BSTs have a parent and two child nodes; left and right. They support insertion, deletion, traversal. Interestingly, Min and Max can be calculated by seeking the leftmost and rightmost node respectively, provided the tree is balanced. BSTs can have good performance for most cases so long as they remain balanced. O(h) refers to the time being the height of the BST.

3.5 Priority Queues

They allow new elements to enter a system at arbitrary intervals.

3.6 War Story

Rather than storing all of the vertices of a mesh, you can share them between the different triangles, but connecting all vertices requires visiting each vertice once, a Hamiltonian path, but that's NP-Complete. Using a greedy heuristic where it tries to always grab the best possible thing first.
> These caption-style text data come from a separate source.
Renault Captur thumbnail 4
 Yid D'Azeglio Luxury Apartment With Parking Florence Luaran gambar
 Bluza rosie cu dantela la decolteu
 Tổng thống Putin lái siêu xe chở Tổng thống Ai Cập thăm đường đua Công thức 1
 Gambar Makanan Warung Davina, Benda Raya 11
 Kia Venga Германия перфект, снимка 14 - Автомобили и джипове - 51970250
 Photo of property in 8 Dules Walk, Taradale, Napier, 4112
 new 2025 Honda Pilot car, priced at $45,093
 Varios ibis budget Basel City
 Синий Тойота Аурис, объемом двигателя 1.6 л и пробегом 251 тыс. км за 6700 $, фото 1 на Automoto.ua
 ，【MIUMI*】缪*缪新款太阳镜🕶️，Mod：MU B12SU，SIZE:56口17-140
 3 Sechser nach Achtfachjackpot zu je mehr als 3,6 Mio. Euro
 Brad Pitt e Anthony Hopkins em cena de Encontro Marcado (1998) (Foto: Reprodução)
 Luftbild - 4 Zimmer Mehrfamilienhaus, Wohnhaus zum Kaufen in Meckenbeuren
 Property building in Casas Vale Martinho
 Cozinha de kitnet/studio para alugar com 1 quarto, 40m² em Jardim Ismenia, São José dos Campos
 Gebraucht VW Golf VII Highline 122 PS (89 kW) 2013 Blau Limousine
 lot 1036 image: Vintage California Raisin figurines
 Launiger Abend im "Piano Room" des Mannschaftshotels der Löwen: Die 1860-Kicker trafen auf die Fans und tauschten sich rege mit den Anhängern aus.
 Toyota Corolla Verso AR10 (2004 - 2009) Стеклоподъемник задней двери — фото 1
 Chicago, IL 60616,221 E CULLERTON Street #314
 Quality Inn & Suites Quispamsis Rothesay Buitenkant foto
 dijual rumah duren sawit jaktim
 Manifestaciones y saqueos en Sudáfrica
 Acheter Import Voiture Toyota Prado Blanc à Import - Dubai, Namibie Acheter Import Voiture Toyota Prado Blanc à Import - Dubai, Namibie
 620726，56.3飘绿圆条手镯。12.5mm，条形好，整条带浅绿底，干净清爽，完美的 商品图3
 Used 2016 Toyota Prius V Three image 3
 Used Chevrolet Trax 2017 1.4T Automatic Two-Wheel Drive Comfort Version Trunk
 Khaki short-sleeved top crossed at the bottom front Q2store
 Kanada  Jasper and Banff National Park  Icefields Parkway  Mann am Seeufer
Then using a priority queue, they were able to reduce the running time by several orders of magnitude compared to the naïve approach.

3.7 Hasing and Strings

Take a map to a big int, use modulo to spin around, and if m is a large prime you'll get fairly uniform distribution. The two main ways to solve collisions are Chaining and Open Addressing. Chaining is where each bucket has a linked list and collisions are appended. Open addressing looks for adjacent empty buckets.

Hashing is also useful when dealing strings, in particular, substring pattern matching. Overlaying pattern p over every position in text t would result in O(m*n). With hashing, you can hash the slices of t and compare them to p, and get slower growth. This is called the Rabin-Karp algorithm. While false-positives may occur, a good hashing function would avoid this.

Hashing is so important Yahoo! employs them extensively.

3.8 Specialized Data Structures

These include;

String Characters in an array
Geometric Collection of points and regions/polygons
Graph Using adjacency matrices
Set Dicionaries and bit vectors

3.9 War Story

They were trying to implement sequencing by hybridization (SBH), but ran into issues when they used a BST. Then they tried a hashtable, then a trie. Finally what worked was a compressed suffix tree.

Exercises

3.42

Reverse the words in a sentence—that is, “My name is Chris” becomes “Chris is name My.” Optimize for time and space.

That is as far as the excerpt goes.